Recording user sessions: the basics…

When I started working on this session recording tool, I thought of what it meant in terms of development. To record a user session, we needed to rebuild the web pages the user browses on and all the elements that compose them:

  • DOM
  • Resources (Images, CSS, etc.)
  • Events (clicks, scroll, etc.)

Here comes the first challenge. Today, many websites prevent third parties from exporting their resources from a different domain. We had to find a solution to manipulate the DOM and resources on their own websites without impacting the performance of the pages. All this while keeping in mind the second part of the job: being able to read the video.

To avoid wasting time, we based our work on the OpenSource project Clarity, even though it was only tacking the Front-end part of the problem: how to collect the DOM. Its main advantage: Clarity doesn’t use any library, so it’s very light.

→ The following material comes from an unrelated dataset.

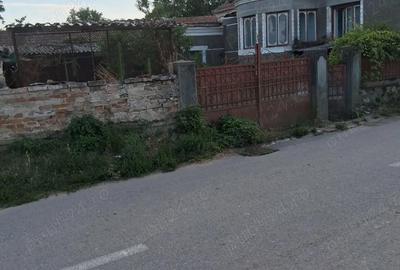 Casă în Săcel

Moreover, Clarity is very flexible as it can easily be completed with plugins.

How does it work? The first step consists of recording the DOM of reference in what we call a “Discover” phase. This DOM needs to be serialized without all properties to limit its size. Each node is assigned an identifier so that we can find it later. Then we add what we call a “MutationObserver” on the page, that notifies us in case of any change in the DOM. The integrity of the records is checked on our servers. Finally, to avoid using too much bandwidth on the client-side, we recover the resources on the server-side, sent by the DOM. But not all of them: we record the images, CSS and fonts, leaving aside the javascript, favicons, and videos.

Thus, we built our own tool inspired by Clarity, with some modifications to meet our needs. For instance, we switched to Jest for the unitary tests. But we used the same batch system as Clarity for data transport. As for the back-end (the part that transforms the batch of data into readable videos), different solutions existed, but we opted for Node as I was full-stack in javascript.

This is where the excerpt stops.